I'm gad. It sounds like it worked out.


----------



## danstanford (Aug 3, 2010)

AmandaColorado said:


> He checked into the exumas this morning!!!


Thanks for reporting back to all the places you posted, it is nice to hear the resolution.


----------



## Lanealoha (Mar 5, 2017)

Im glad hes safe and everyone is at ease. I wonder though, was the gun jumped a bit on this one? Maybe I'm not fully understanding the time line?


----------



## MarkofSeaLife (Nov 7, 2010)

Lanealoha said:


> I wonder though, was the gun jumped a bit on this one? Maybe I'm not fully understanding the time line?


Very difficult to say on any case as tgeres many circumstances we don't know. 

Families at home tend to panic far earlier than those aboard. 

I give my family (and now Marjorie's family) an Overdue Date until which they are not _allowed_ to call the authorities. 

In our last passage, Marjorie's first passage, her parents saw a reported speed of 7 knots and so calculated we would arrive in 23 days. I said it will be over 30 days but they insisted the whole way it would be 23 days. Eventually it took 37 days.
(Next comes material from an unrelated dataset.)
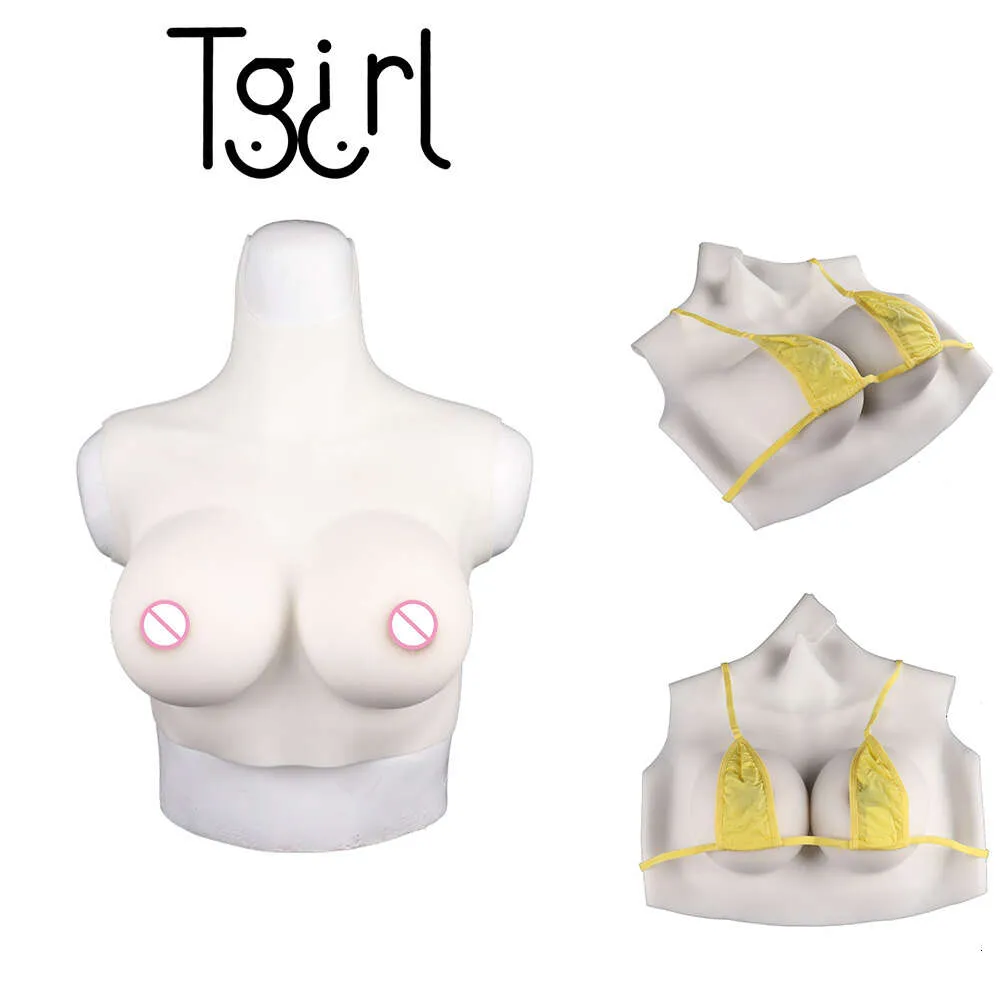 Accessoires de costumes pour travesti, poitrine en Silicone, couleur blanche, couleurs personnalisées avec costume en coton élastique, faux seins pour Cosplay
But for satellite emails they would have called the Navy when we were just half way across the Atlantic. 

It's difficult for families. 

In the case of this thread if appears the sailor did not go to Bimini as intended but went to Georgetown direct adding a few days. 

Ahhhh for those freedom days before electronics when a cruiser would arrive when and where he arrived... Or not. 


Mark


----------



## AmandaColorado (Nov 3, 2021)

Lanealoha said:


> Im glad hes safe and everyone is at ease. I wonder though, was the gun jumped a bit on this one? Maybe I'm not fully understanding the time line?


He was blown over 100 miles off course. 

The crossing from Florida to Bimini is a day sail; coast guard was alerted when he was 4 days overdue for a trip that should have got him there by nightfall. 

We may have alerted the coast guard too early but that's what gets us happy endings and I'm glad he's safe. 

CG never found SV Bella Dawn in all their searching; he was spotted by another sailor who informed Ward we were looking for him. 

So, thank you to the sailing community for keeping a sharp eye out. You all are quite amazing.


----------



## Lanealoha (Mar 5, 2017)

Good info. I was just not understanding the time line, now I do! Way to be on it!!


----------



## Sal Paradise (Sep 14, 2012)

Thank you for updating us Amanda - glad to hear your brother is safe and well !! For anyone here like me looking for more info - https://www.miamiherald.com/news/local/community/florida-keys/article255540721.html


----------